Она побледнела, что-то хотела сказать, но уткнулась в кузнецовское блюдце, изучая его узоры, осторожно дотрагиваясь.
− У нас ещё есть, смелее! – пошутил я.
Она смотрела во все глаза на старую посуду, испуганно, странно смотрела, как бы внутрь, вглубь − размышляла.
− Знаешь, − наконец сказала она. – Я читала один рассказ, это было давно, я тогда ещё читала не для ЕГЭ, а дедушка заставлял. И вот там был рассказ о мужике, ну там не буду рассказывать подробно, в общем, в итоге, он сначала работает, скажем так, в офисе, это где-то середина двадцатого века, американский рассказ, а потом он убегает с работы и селится в доме, где превращается в такого вот затворника. Правда он там деньги из банка украл и прятался.
− Так он украл, я ничего не крал. − Повисла пауза, мы с Тоней подумали, кажется, об одном и том же. Я постарался не поднимать больше эту тему и переключил её внимание: − А я вот, Антонина, читал рассказ, фантастику какую-то старую. Так там мужик услышал голос и не сел в самолёт. И самолёт разбился, а челик этот был озадачен. В итоге он как-то там повернул время вспять и всё равно сел на самолёт, который разбился.
− Это ты к чему?
− А твой рассказ к чему?
− Мой? Просто ситуация. Люди меняются – вот к чему.
− Так и мой рассказ к тому же. Если суждено, кривая выведет. Согласна?
− Антоний! Ты что? – сказала она тихо. – Тебе строят эту кривую – неужели непонятно. Тебя подталкивают. Она тебя выведет к Староверову рано или поздно. Пролёт аспирантуры, тайная закупка. Что следующее? Это всё организованно!
− Да ну. Конспирология на грани фола. Закупка – это конкуренты, это случается.
− Новость на портале твоего брата?
− У него самый популярный портал – проплатили.
− Ты обратное говорил на улице, что это Староверов попросил твоего брата.
− Сам не знаю, Тоня. То так думаю, то по-другому. Подковёрная борьба отделов маркетинга. Все бы друг другу эти закупки каждый день заказывали. Но такая закупка стоит очень дорого.
− Согласна − кивнула она. – Я не должна тебе ничего рассказывать, но я тебе расскажу. Сейчас мне надо идти – она расстегнула сумочку и с удовольствием достала новый свой смартфон.
− Да. Я провожу тебя. Послушай.
− Нет, нет. Что ты! Не хочу.
− В принципе, мы же можем поехать на маршрутке до переезда, а там пересядешь.
− Нет, нет, прогуляемся. У меня никогда не было парня, мне это просто подарок сердца. Я могу приезжать к тебе весь август в будние дни. − Пойдём, − предложила она грустно. – Время.

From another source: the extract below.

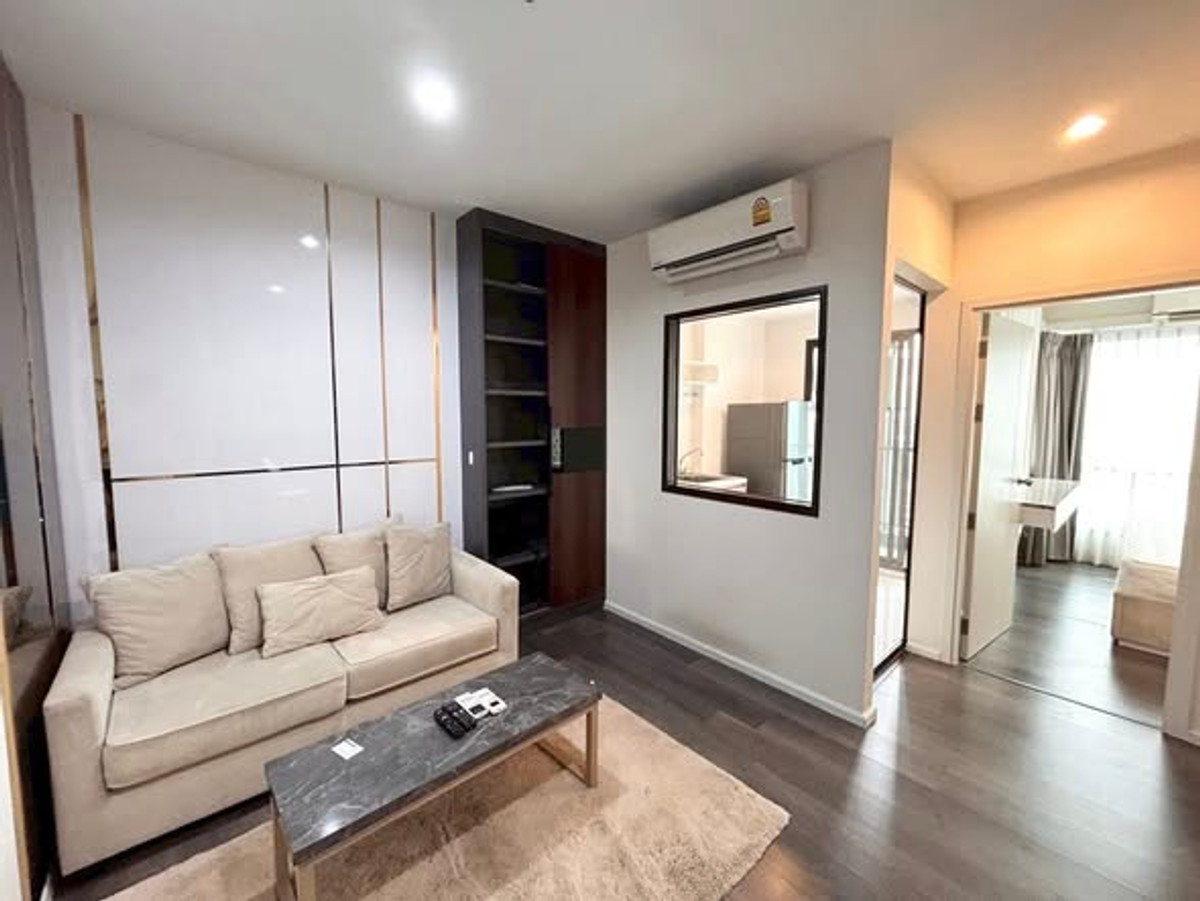 For RentCondoBang Sue, Wong Sawang, Tao Pun : 🔥🔥 For rent The Stage Taopoon Interchange 🔥🔥 📍 Tao Poon (near MRT Tao Poon Blue Line and Purple Line) 🛏 1 bedroom, 1 bathroom 📐 Size 34 sq m. | 34th floor, city view + river view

Она обняла меня тихо. Мы постояли обнявшись, я вдыхал запах её волос, я сказал:
− Тоня. Ты мне очень нравишься, ты не думай, я надеюсь что мы будем вместе и этот август и потом. Всегда.
Она посмотрела на меня преданными влюблёнными глазами. Я знал такой взгляд у девчонок, но впервые он меня не раздражал.

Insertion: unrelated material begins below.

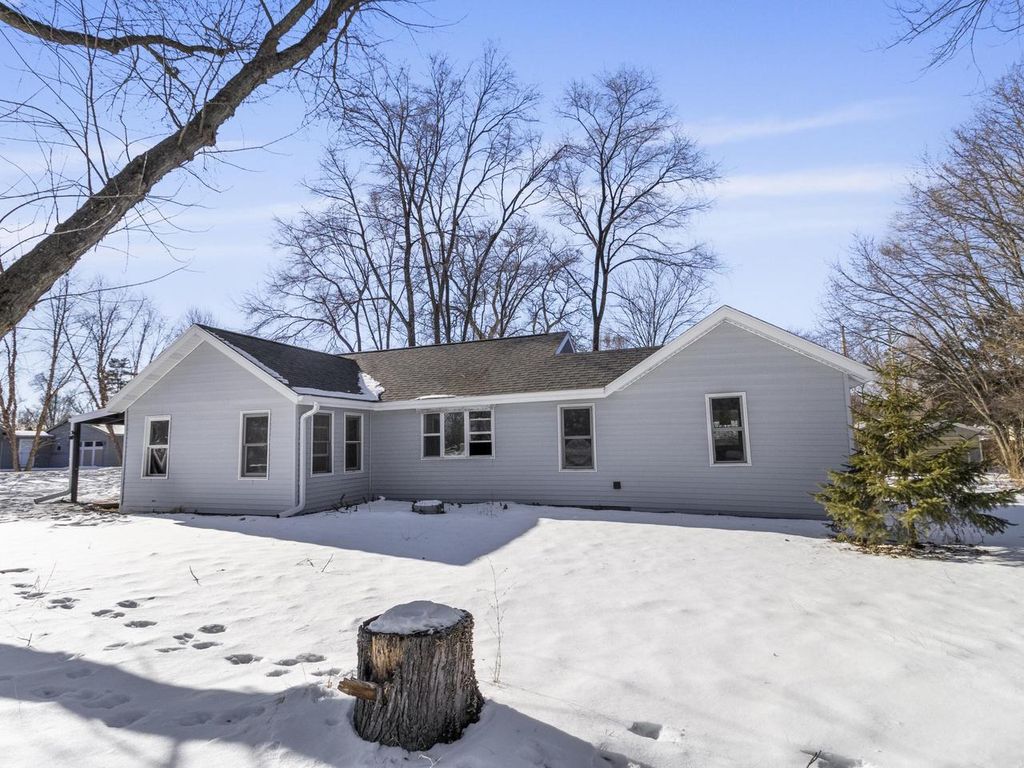 8444 Fish Hatchery ROAD, Burlington, WI 53105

Я был утомлён разговором. Я видел, что и она устала. Когда катил домой на скейте, я прокручивал наш разговор. Что-то мне очень не понравилось, какая-то её реакция. В какой-то момент она испугалась и смотрела на меня, будто увидела маньяка, у неё был такой взгляд, странный, отрешённый. Я мучился, но не помнил в какой момент это случилось, на каких словах, о чём мы говорили, но всё таки взгляд меня поразил и насторожил.

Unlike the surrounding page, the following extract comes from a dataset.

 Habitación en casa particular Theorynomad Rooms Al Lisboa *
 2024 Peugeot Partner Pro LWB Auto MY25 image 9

Тоня приезжала днём, и мы проводили с ней всё время. Ночью Дан возил меня в круглосуточный магазин. Он знал о Тоне. Дан обо всех во дворе всё знал. Его мама не выходила из дома, но смотрела в окно. Она была ещё не старая и вполне привлекательная, но что-то в ней надломилось. Я не спрашивал у Дана подробности, почему после стандартной полицейской облавы (понятно он не спрашивал, когда скупал телефоны на запчасти, кто и что), его маму так накрыло. Дан говорил о маме часто, он её очень любил, покупал ей мороженое, у него была сумка-холодильник, он мог ночью рвануть маме за мороженым, я заметил, что Дан мало спал и как-то в два захода: после работы до полуночи и с трёх ночи до утра. О маме он говорил так:
− Нас подставили, вроде бы её лучшая подруга, мама расстроилась, разочаровалась в людях.
− Разочаровалась в людях в таком почтенном возрасте? − не сдержался я. − Не надо очаровываться просто.
− Это ты, Тох, сейчас такой умный стал, когда к тебе контролёров подослали. А раньше посмотрел бы на себя. А вспомни меня в школе. Мама жила за папой, с ней такое в первый раз, тут не от возраста зависит.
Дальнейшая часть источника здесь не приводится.